Twenty years ago, in The Closing Of The American Mind, Allan Bloom wrote, "As an image of our current intellectual condition, I keep being reminded of the newsreel pictures of Frenchmen splashing happily in the water at the seashore, enjoying the paid annual vacations legislated by Leon Blum's Popular Front government. It was 1936, the same year Hitler was permitted to occupy the Rhineland. All our big causes amount to that kind of vacation."
Yes, indeed. "Tolerance", "multiculturalism", splashing in the shallows – or so we think. Those Muslims who frequent Vancouver hookah parlours because they're "depressed", because Canada is not like "home", won't have to be depressed much longer. Here, as in much of the west, the state is happy to dismantle its own inheritance. And in the vacuum of multiculturalism it's those groups most fierce in defence of their culture who will build the future.

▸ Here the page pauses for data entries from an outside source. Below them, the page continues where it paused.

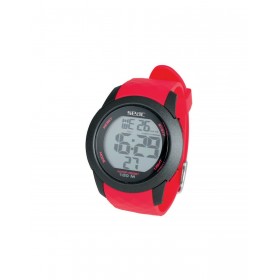 Seac Ρολόι Κατάδυσης Chronos 147-4 Grey/Red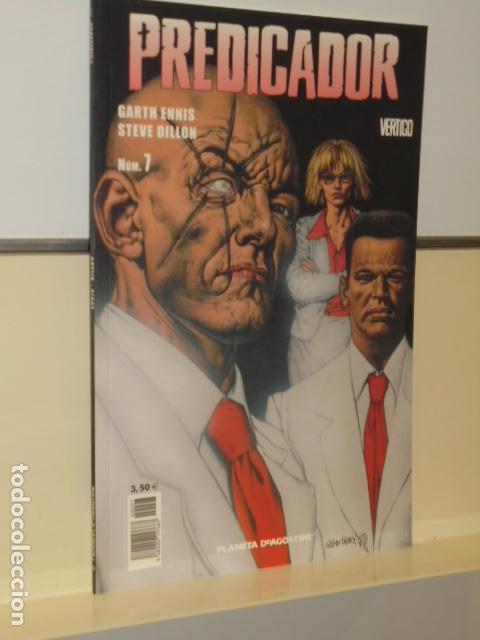 C&oacute;mics: PREDICADOR N&ordm; 7 VERTIGO - PLANETA - Foto 1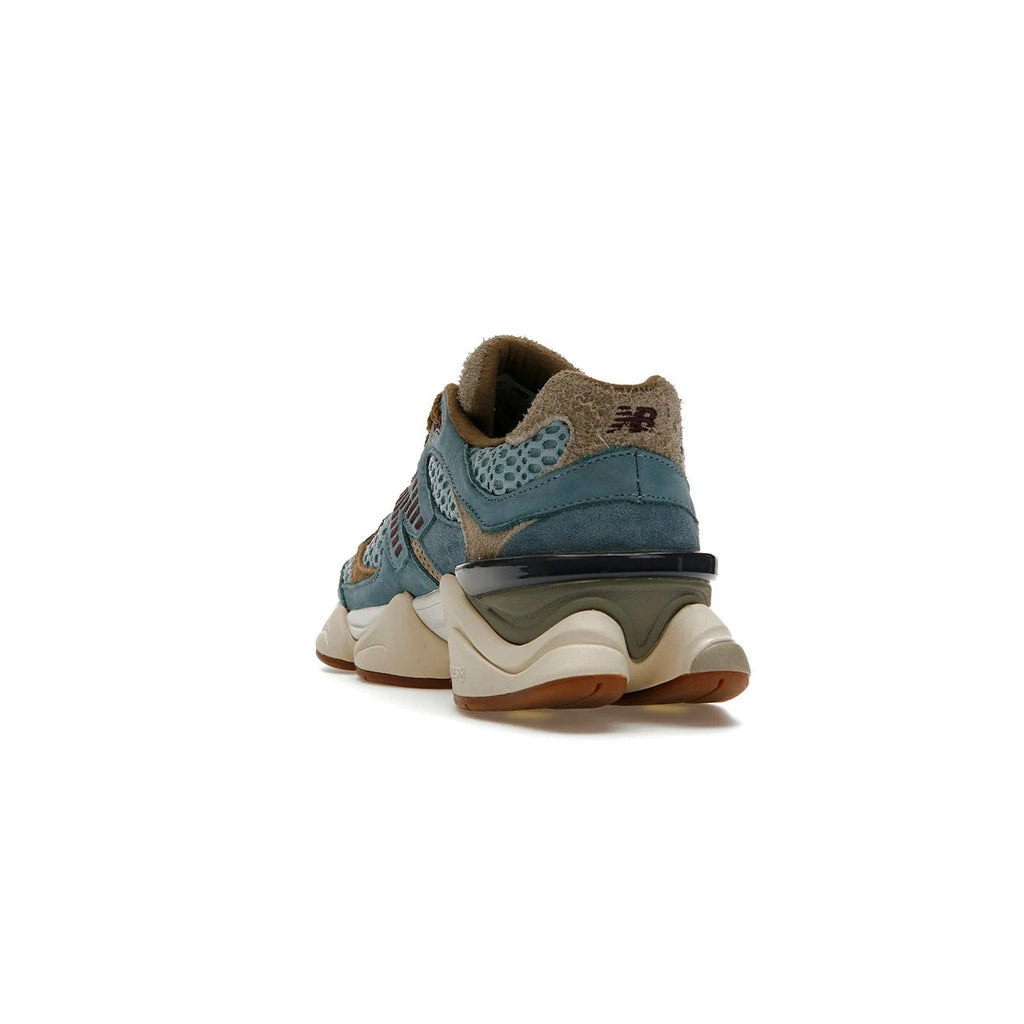 New Balance 9060 x Bodega Age of Discovery Citadel/Kangaroo Sneakers – U9060BD1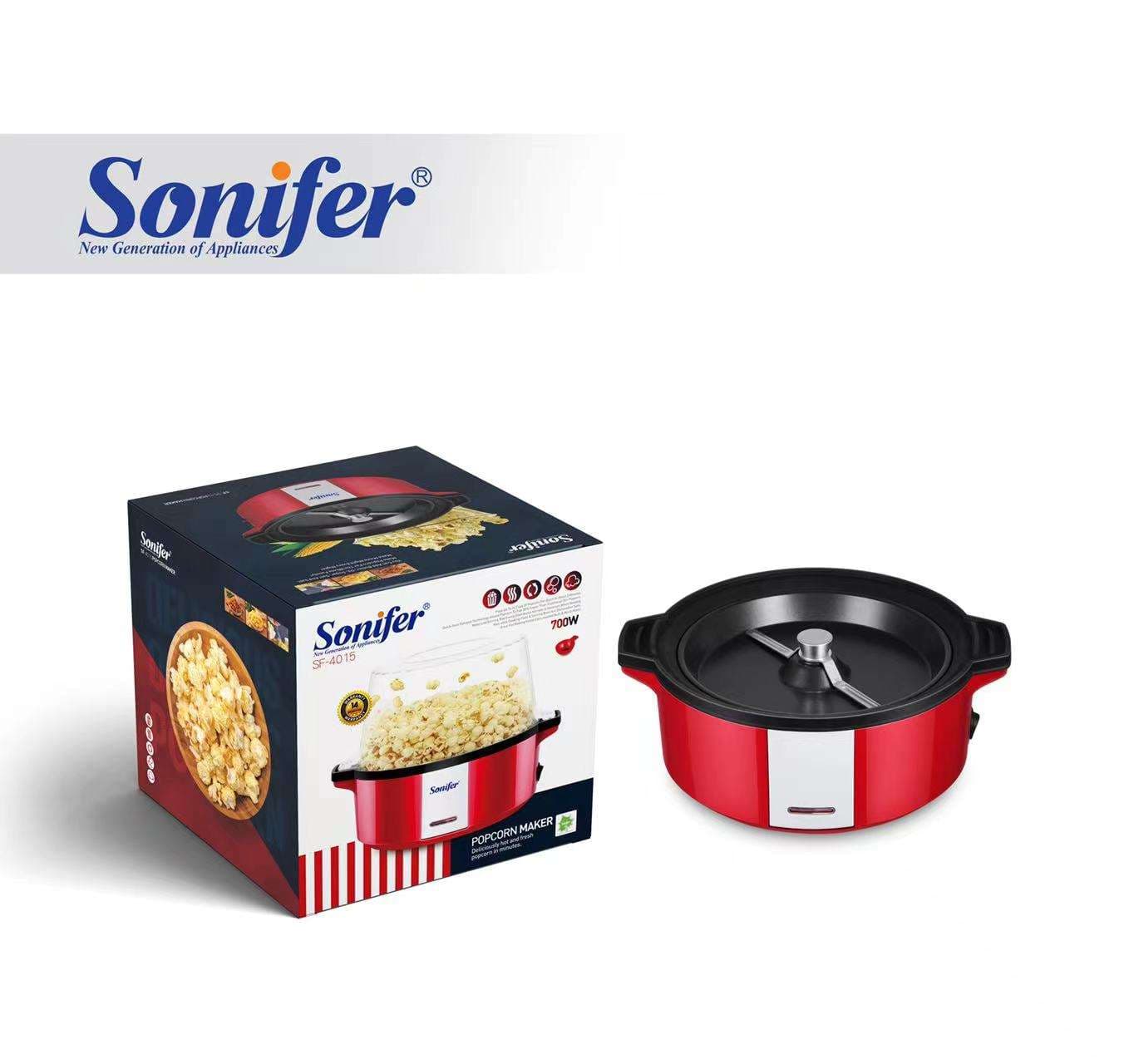 SONIFER POPCORN MAKER SF-4015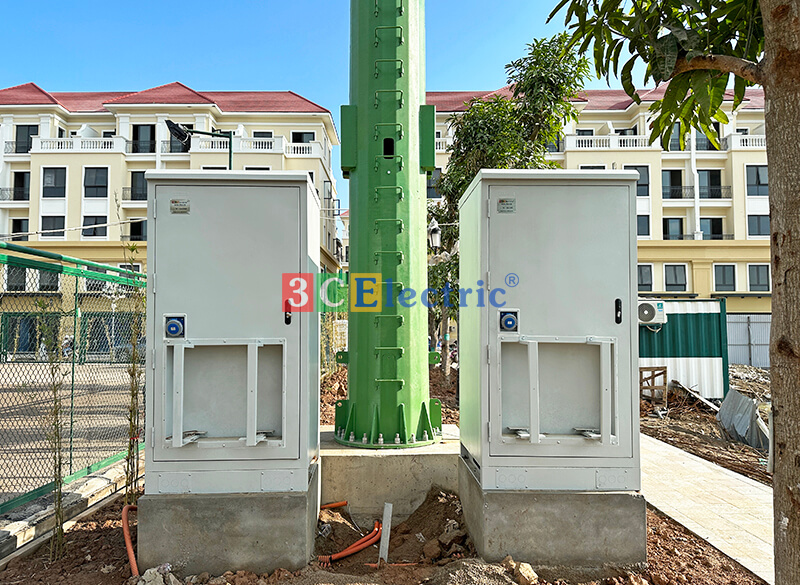 cung cấp tủ bts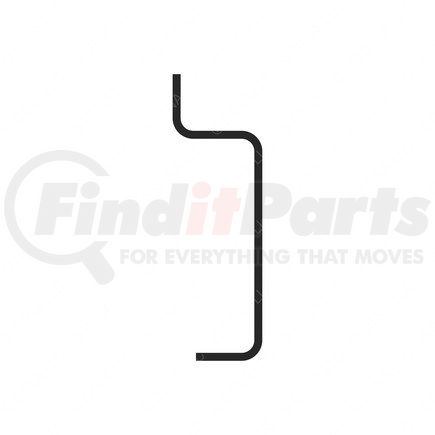 1517899004 by FREIGHTLINER - BRACKET ENG FRONT MTD LH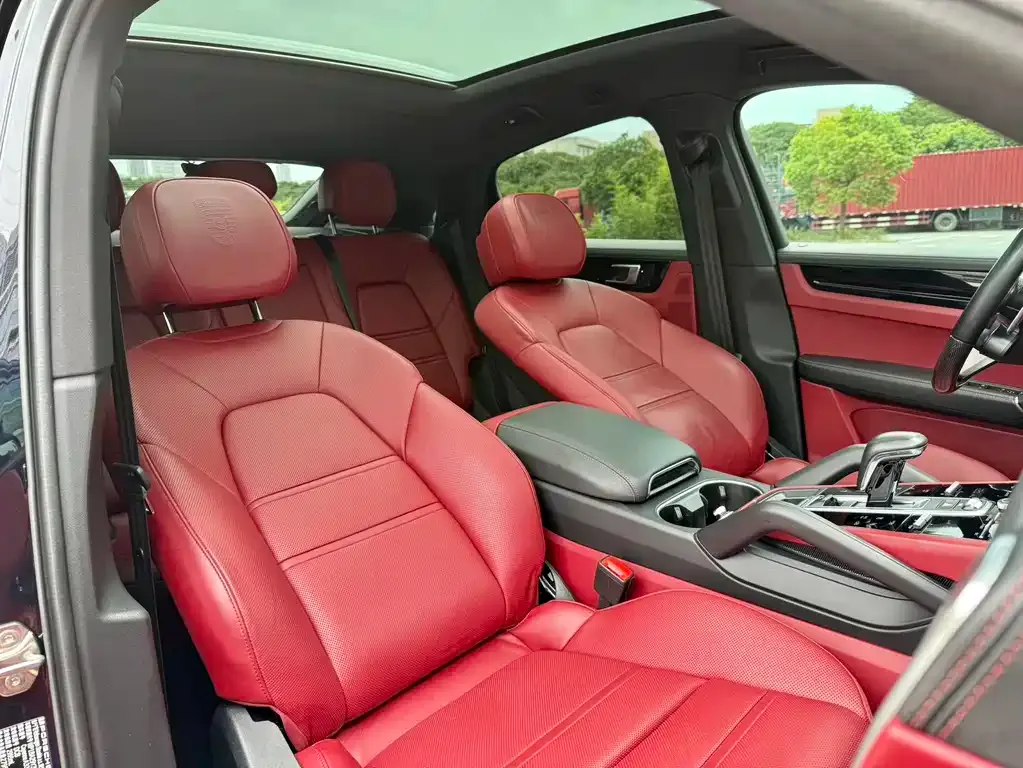 Porsche Cayenne 2022 из CN, фото 9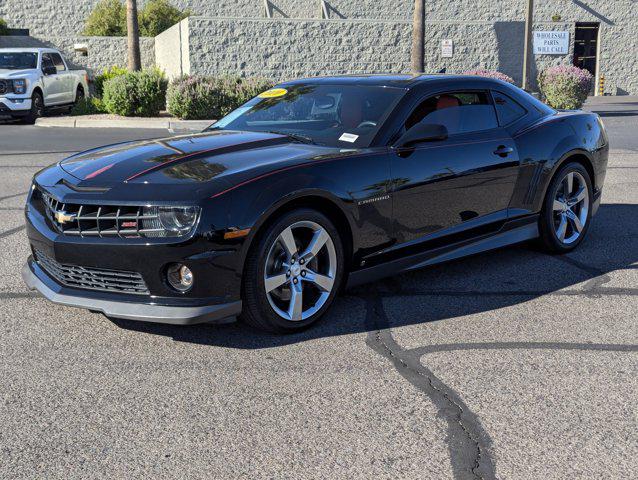 Used 2010 Chevrolet Camaro For Sale in Tucson, AZ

"The decline of the West," wrote Samuel P Huntington, is still in the slow first phase, but at some point it might speed up dramatically." What is the point at which it becomes irreversible? If you're on a river heading over the falls, it's not the moment when you plunge over the precipice and are dashed on the rocks below. That's the great visual dividing line – Joseph Cotton in Niagara: one minute his boat's horizontal, next it's heading straight down. But the critical point happens way back upstream. It's still flat, it's still the river not the distant falls, but what you thought were the placid shallows has, in fact, a strong silent running current and, before you even know it, you're being swept along.